- **Given information**:
=== Begin Enclosure ===
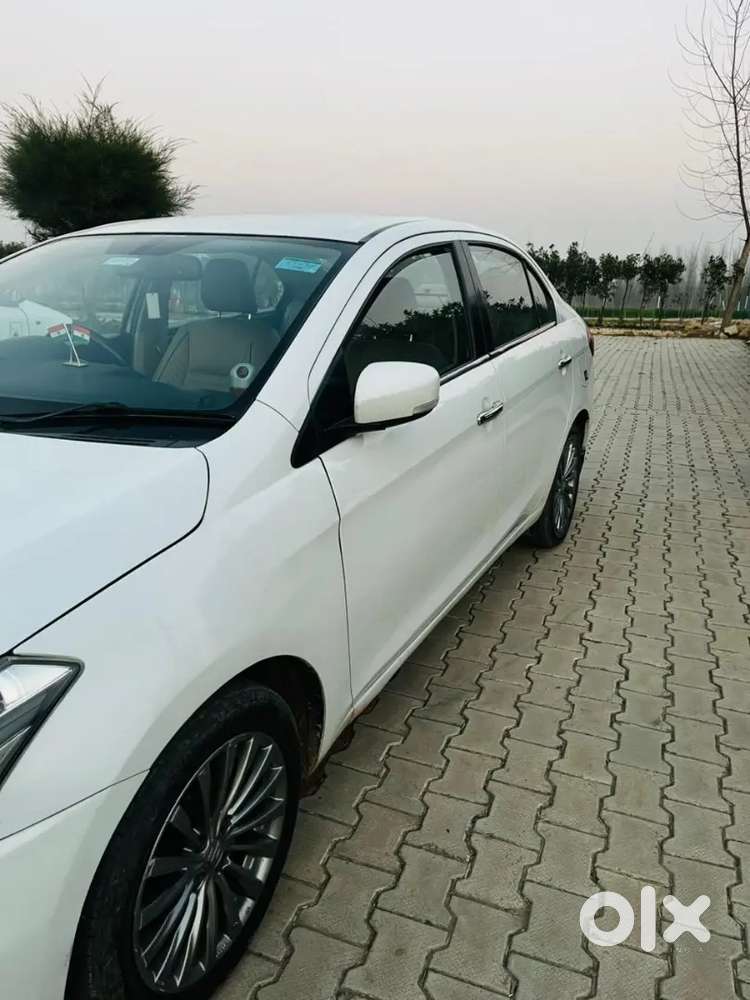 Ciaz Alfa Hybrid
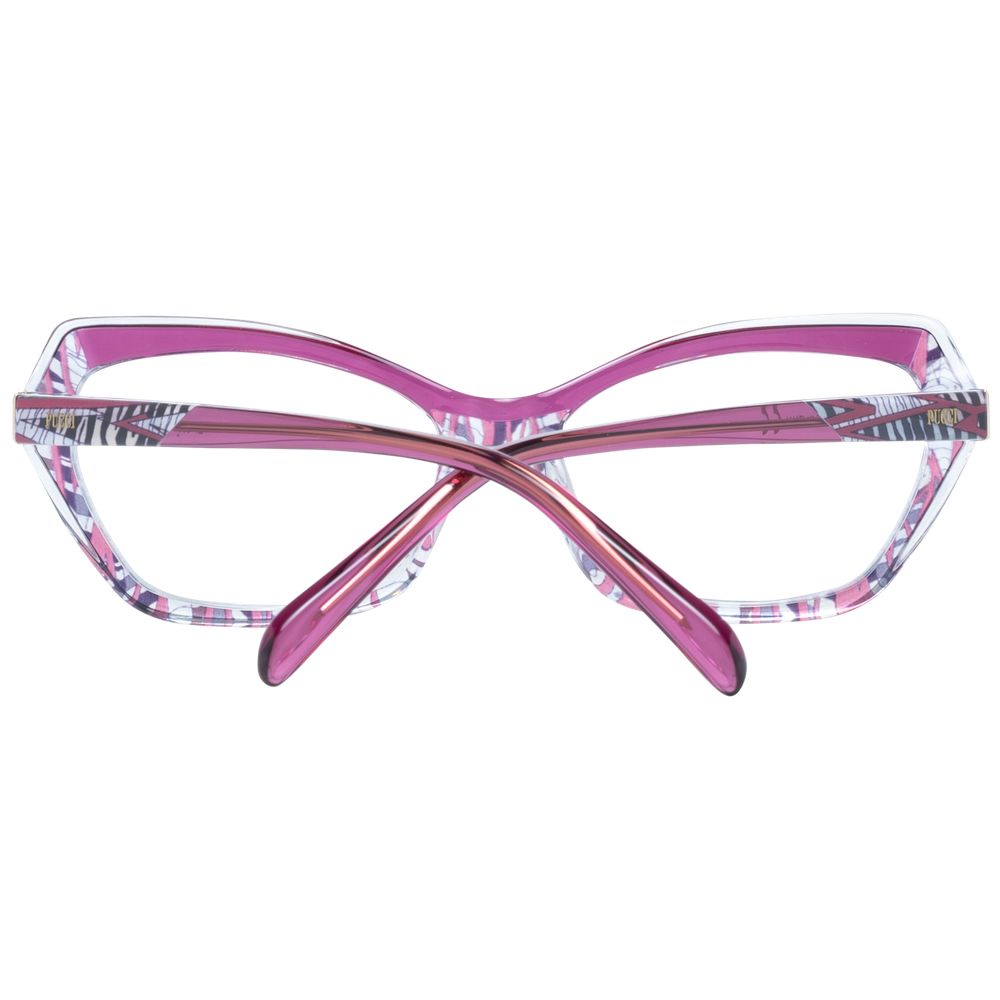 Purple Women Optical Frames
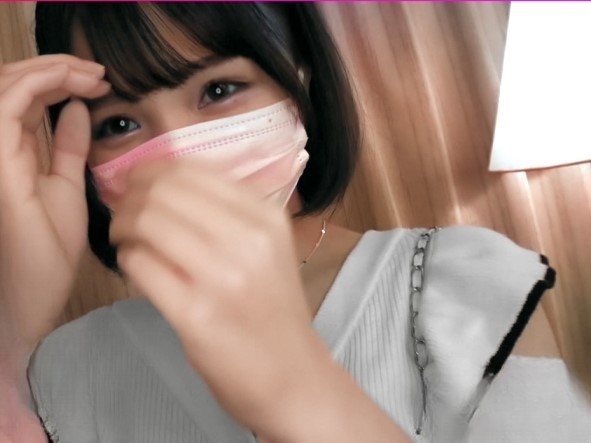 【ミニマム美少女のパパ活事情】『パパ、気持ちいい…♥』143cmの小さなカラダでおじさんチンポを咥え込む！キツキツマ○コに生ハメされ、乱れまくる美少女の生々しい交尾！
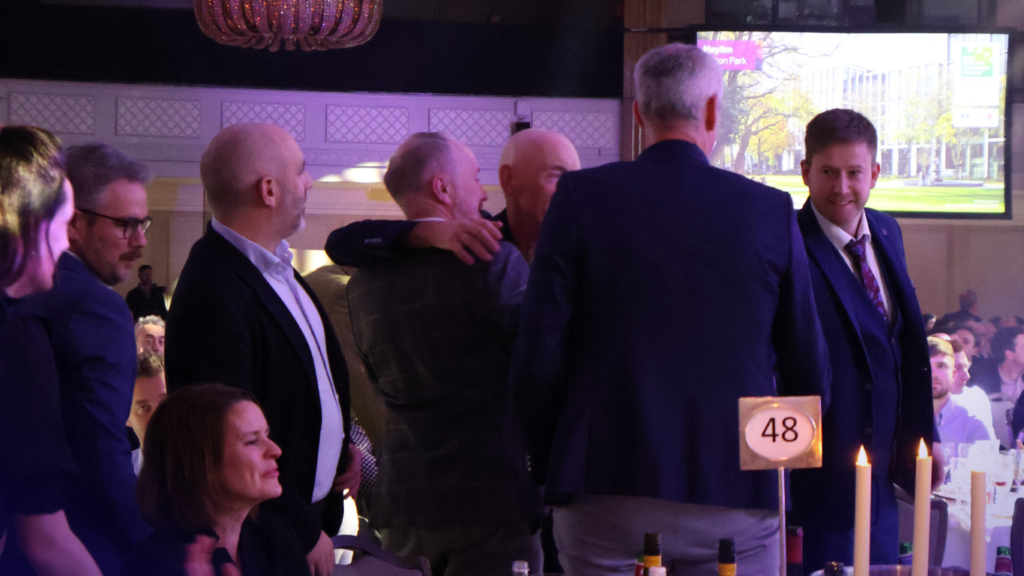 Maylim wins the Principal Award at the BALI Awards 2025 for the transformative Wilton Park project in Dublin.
=== End Enclosure ===
=== Begin Enclosure ===
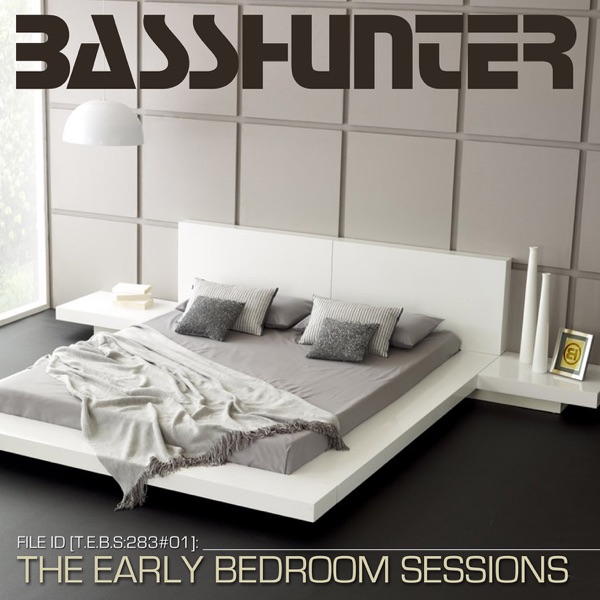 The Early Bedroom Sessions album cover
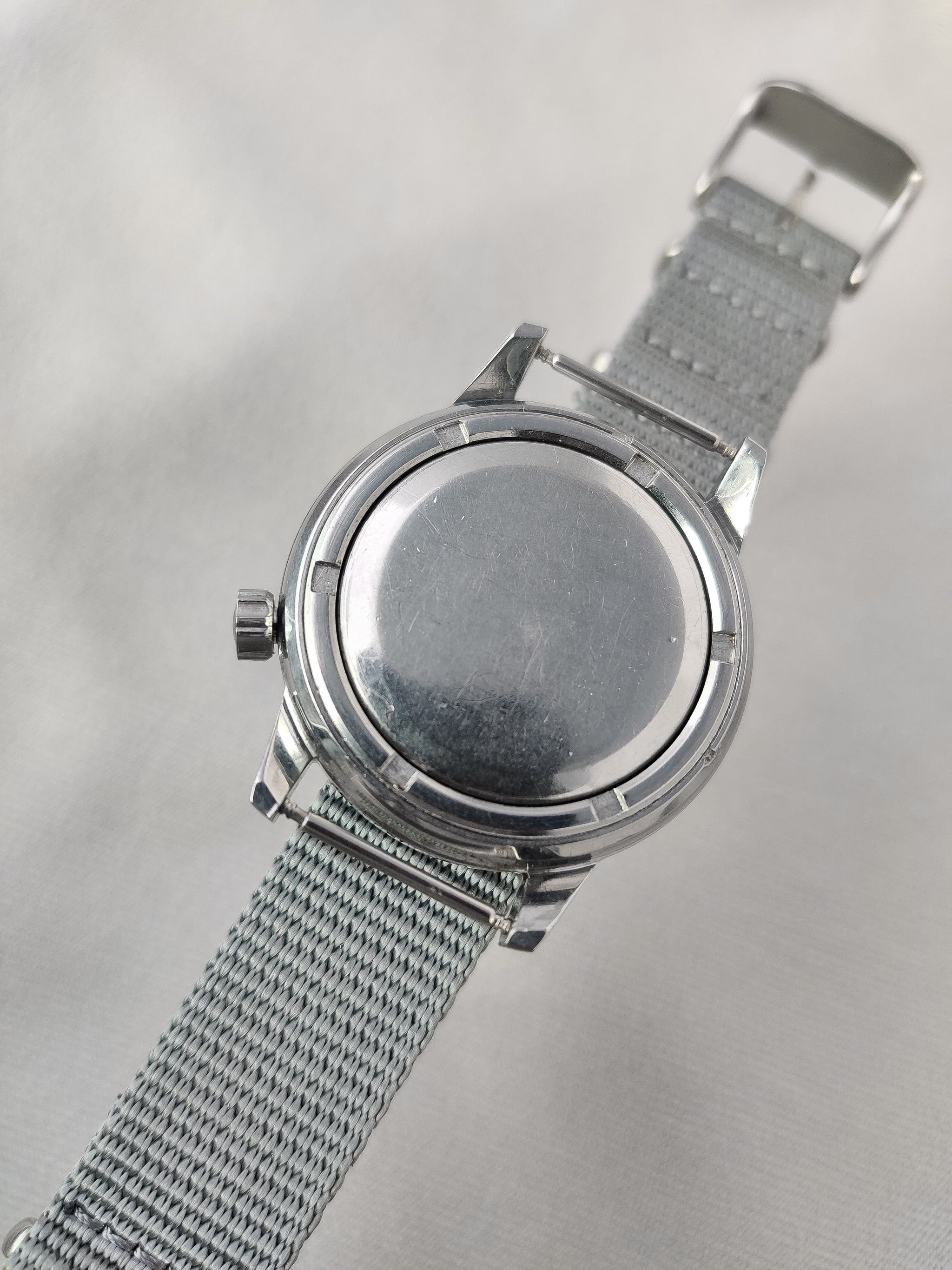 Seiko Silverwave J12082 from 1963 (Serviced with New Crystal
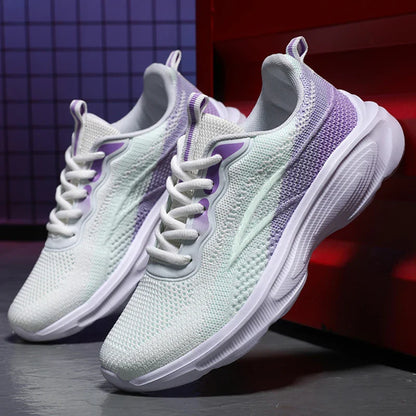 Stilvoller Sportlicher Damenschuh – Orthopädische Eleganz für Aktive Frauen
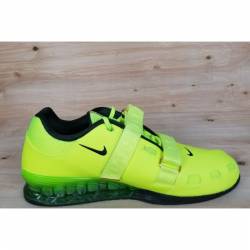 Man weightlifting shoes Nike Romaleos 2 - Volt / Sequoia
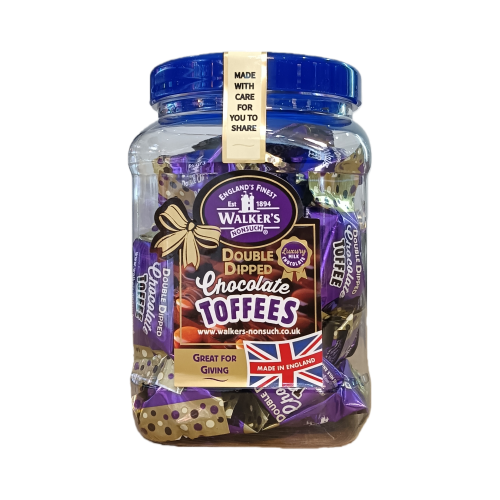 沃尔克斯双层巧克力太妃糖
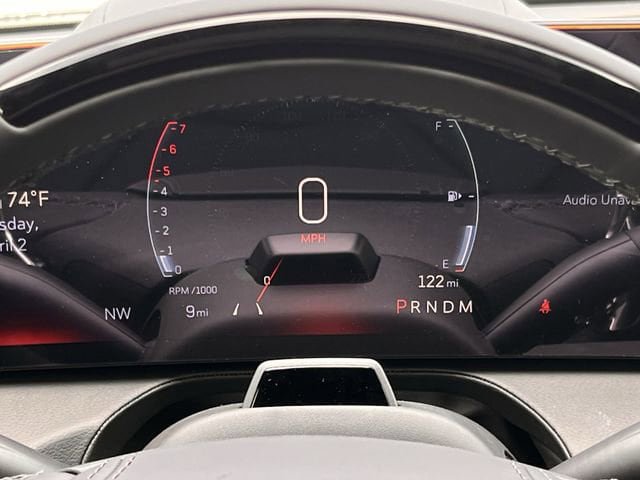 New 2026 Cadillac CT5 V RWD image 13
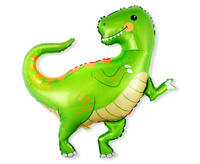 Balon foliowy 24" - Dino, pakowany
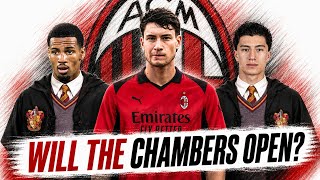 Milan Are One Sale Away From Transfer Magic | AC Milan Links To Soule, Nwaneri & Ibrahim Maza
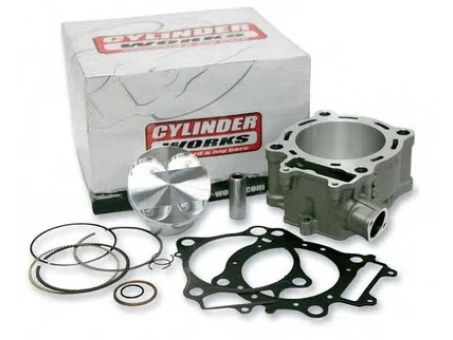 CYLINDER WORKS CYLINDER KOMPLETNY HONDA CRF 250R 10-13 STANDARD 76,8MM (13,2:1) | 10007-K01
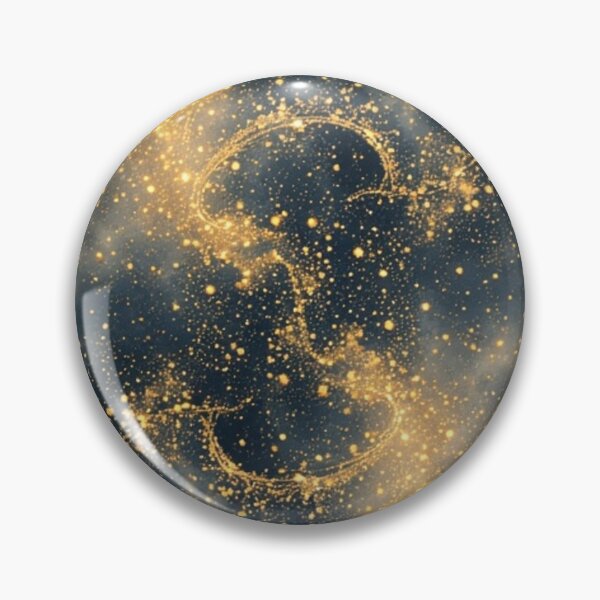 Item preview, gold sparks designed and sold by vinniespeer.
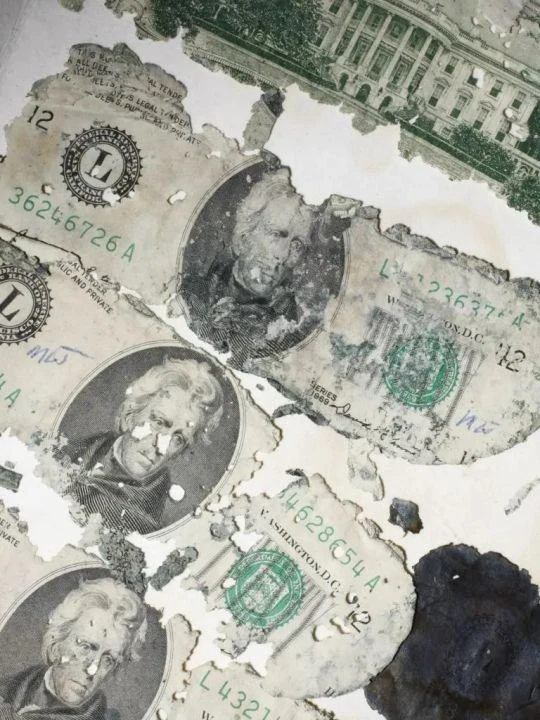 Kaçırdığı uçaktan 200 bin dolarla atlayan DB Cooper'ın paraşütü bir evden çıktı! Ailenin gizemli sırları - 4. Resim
=== End Enclosure ===
- **Task requirements**: Return exactly the lines of the material above, starting at the line containing "Purple Women Optical Frames" and finishing at the line containing "Maylim wins the", without any pictures.

- **Solved exercise**:
 Purple Women Optical Frames
 【ミニマム美少女のパパ活事情】『パパ、気持ちいい…♥』143cmの小さなカラダでおじさんチンポを咥え込む！キツキツマ○コに生ハメされ、乱れまくる美少女の生々しい交尾！
 Maylim wins the Principal Award at the BALI Awards 2025 for the transformative Wilton Park project in Dublin.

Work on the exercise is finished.